Por Claudeci Ferreira de Andrade
O sino toca, anunciando o início de mais um dia no reino do absurdo chamado PIA - Período de Intensificação da Aprendizagem. Suspiro profundamente, ajustando meus óculos cansados, enquanto observo o corredor se encher de alunos confusos e agitados. Quem foi o gênio que inventou essa desgraça? Penso comigo mesmo, sentindo o peso de mais um ano letivo desmoronando sobre meus ombros.
No velho normal, antes dessa invenção pedagógica das trevas, as coisas já eram complicadas. Agora, com o PIA, mergulhamos de cabeça em um mar de contradições. A ideia era simples: dar uma chance extra para os alunos melhorarem suas notas. Na prática? Um pandemônio que faz meu estômago revirar e minha indignação ferver.
Vejo Maria, aluna exemplar, média 9,0, sentada na primeira fila. Ela está aqui todos os dias, pontualmente, mesmo sem precisar recuperar nota alguma. Ao seu lado, João, o "zé lambança" da turma, aparece esporadicamente, recupera a nota como mágica e sai com um 10,0 no histórico. É uma injustiça gritante que faz meu senso de justiça (ou seria minha espiritualidade?) se contorcer em agonia.

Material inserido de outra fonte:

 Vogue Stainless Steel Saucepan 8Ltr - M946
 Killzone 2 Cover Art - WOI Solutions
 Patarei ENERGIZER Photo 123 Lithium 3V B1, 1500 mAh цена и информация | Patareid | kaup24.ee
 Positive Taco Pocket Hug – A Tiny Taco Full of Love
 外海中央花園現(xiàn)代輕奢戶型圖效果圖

Os dias passam, e o absurdo só aumenta. Alunos tecnicamente reprovados em seis disciplinas são empurrados para o PIA, como se pudessem absorver em poucos dias o que não aprenderam o ano inteiro. É um milagre kafkiano que nem o mais otimista dos educadores poderia acreditar.

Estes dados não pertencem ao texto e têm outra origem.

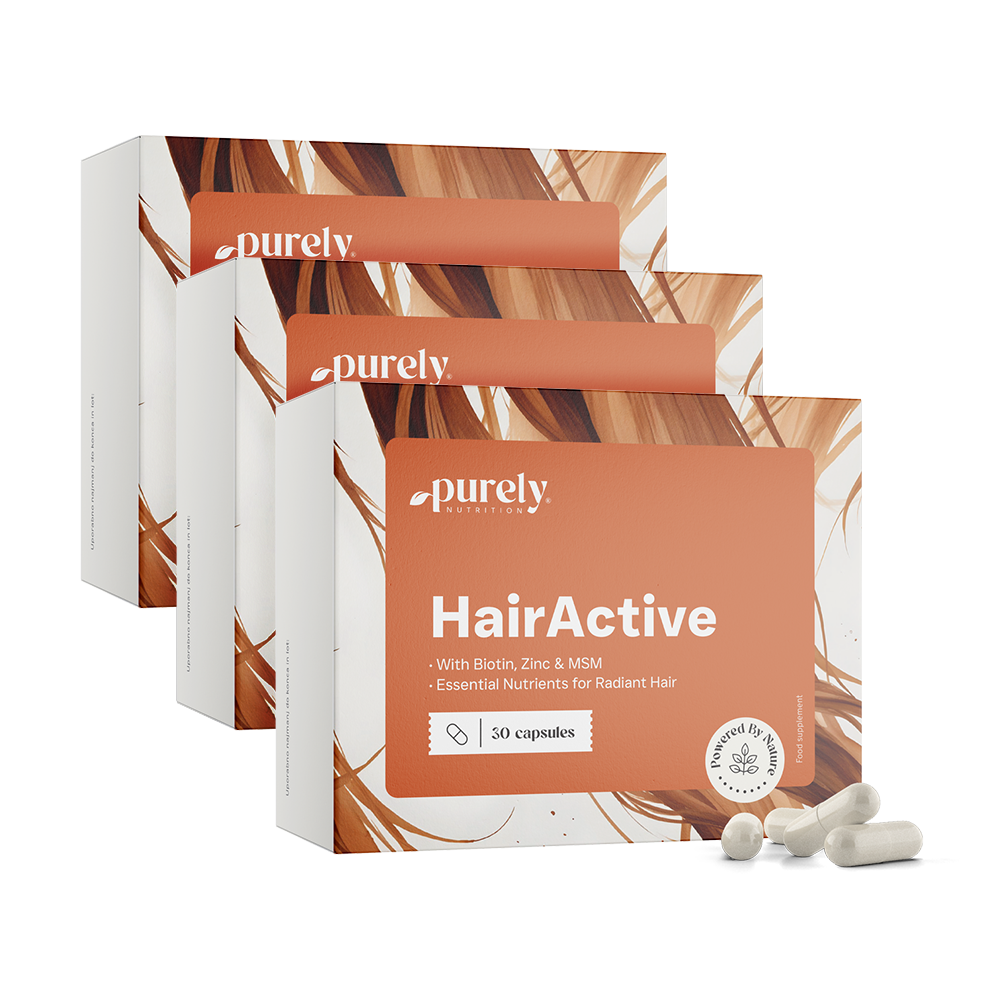 3x HairActive – complexe pour les cheveux, ensemble 90 gélules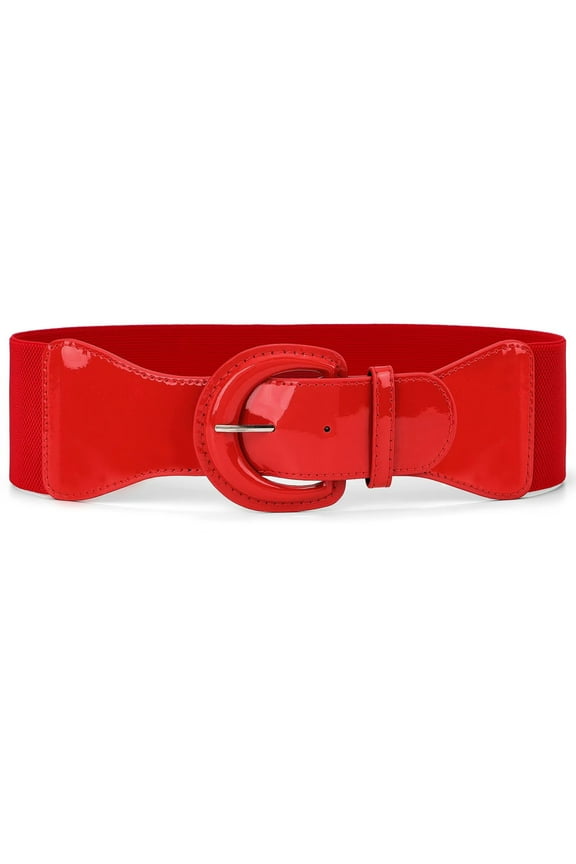 Women Elastic Wide Belt, Stretch Waist Belt for Dresses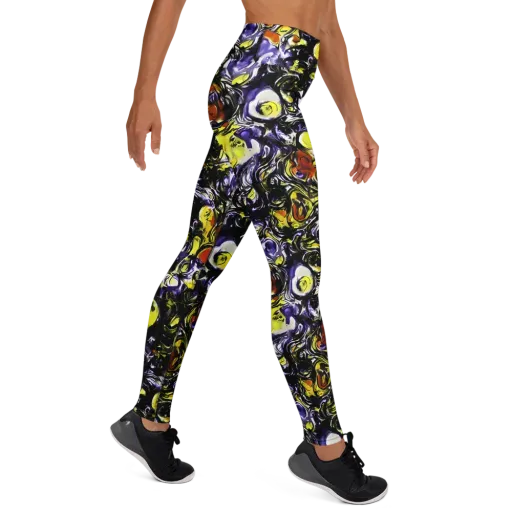 Citron Tempest on a Yoga Leggings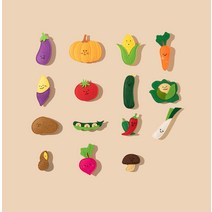 노리터 펠트자석 채소 야채 유아학습 자석교구, 색상:단일상품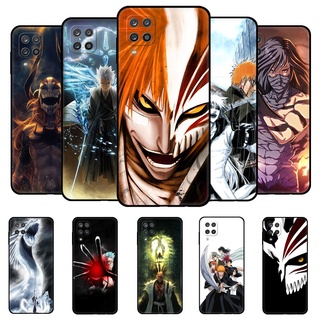 เคสโทรศัพท์มือถือ ซิลิโคนนิ่ม tpu ลายอะนิเมะ Bleach สีดํา สําหรับ Samsung Galaxy A22 4G 5G A22S A42 5G A12 A10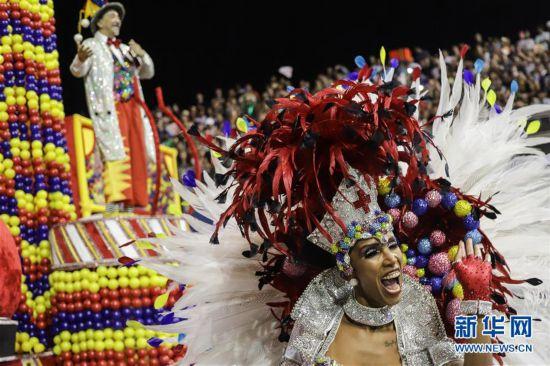 巴西圣保罗狂欢节桑巴巡游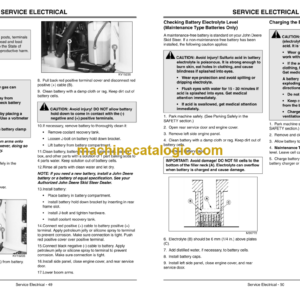 John Deere 240 250 Skid Steer Operator’s Manual (OMKV18668)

Estou completamente transtornado: agastado, abespinhado, agoniado, amofinado, encolerizado, enfadado, enraivecido, espinhado, estomagado, indisposto, iracundo, irritado... A lista de adjetivos cresce na minha mente, assim como a pilha de provas para corrigir na minha mesa.
O grande dia da divulgação dos resultados chega, transformando o corredor da escola em uma bolsa de valores em dia de crash. Alunos correm freneticamente, professores dão resultados conflitantes, coordenadores tentam apagar incêndios emocionais. Os boletins, coitados, parecem ter vida própria, mostrando notas que ninguém reconhece.
No meio da confusão, ouço a ameaça de uma lista de chamada. É o cúmulo do absurdo! Manter os alunos presos aqui, como se fossem reféns do conhecimento que não absorveram. E ainda há aqueles que, alheios ao caos, não dispensam o lanche por nada neste mundo.
Encosto-me na parede, exausto. Meu ano letivo sempre termina assim: um misto de frustração e alívio. Observo os rostos ao meu redor - alguns felizes, outros decepcionados, muitos simplesmente confusos. Penso em Maria e João, nos extremos do espectro acadêmico, e em como esse sistema os trata de forma tão injusta.
Enquanto o último aluno deixa o corredor, reflito sobre o que nos trouxe até aqui. Um sistema que premia a mediocridade e desencoraja a excelência. Uma "pedagogia das trevas" que nasceu em um governo reeleito e parece ter vindo para ficar.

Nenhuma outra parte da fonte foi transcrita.